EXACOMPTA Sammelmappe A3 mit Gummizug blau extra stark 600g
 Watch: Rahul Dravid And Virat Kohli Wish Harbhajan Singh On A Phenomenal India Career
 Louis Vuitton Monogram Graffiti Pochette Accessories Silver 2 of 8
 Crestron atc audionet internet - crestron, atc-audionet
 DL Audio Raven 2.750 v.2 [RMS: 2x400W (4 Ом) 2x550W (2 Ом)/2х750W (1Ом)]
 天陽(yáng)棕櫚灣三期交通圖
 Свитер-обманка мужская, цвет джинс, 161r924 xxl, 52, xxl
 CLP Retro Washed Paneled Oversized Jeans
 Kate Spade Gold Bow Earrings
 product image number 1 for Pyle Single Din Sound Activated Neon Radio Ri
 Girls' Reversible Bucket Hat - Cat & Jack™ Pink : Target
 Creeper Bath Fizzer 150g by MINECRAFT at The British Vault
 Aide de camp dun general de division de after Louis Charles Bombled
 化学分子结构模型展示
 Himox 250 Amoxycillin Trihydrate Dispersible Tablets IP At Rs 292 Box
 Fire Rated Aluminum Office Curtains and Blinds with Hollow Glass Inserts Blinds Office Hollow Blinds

══════════

> **Exercise objective**: Return exactly the line that contains "Kate Spade Gold Bow Earrings" and every line after it, through the last line of the records.

> **Answer to this exercise**:
 Kate Spade Gold Bow Earrings
 product image number 1 for Pyle Single Din Sound Activated Neon Radio Ri
 Girls' Reversible Bucket Hat - Cat & Jack™ Pink : Target
 Creeper Bath Fizzer 150g by MINECRAFT at The British Vault
 Aide de camp dun general de division de after Louis Charles Bombled
 化学分子结构模型展示
 Himox 250 Amoxycillin Trihydrate Dispersible Tablets IP At Rs 292 Box
 Fire Rated Aluminum Office Curtains and Blinds with Hollow Glass Inserts Blinds Office Hollow Blinds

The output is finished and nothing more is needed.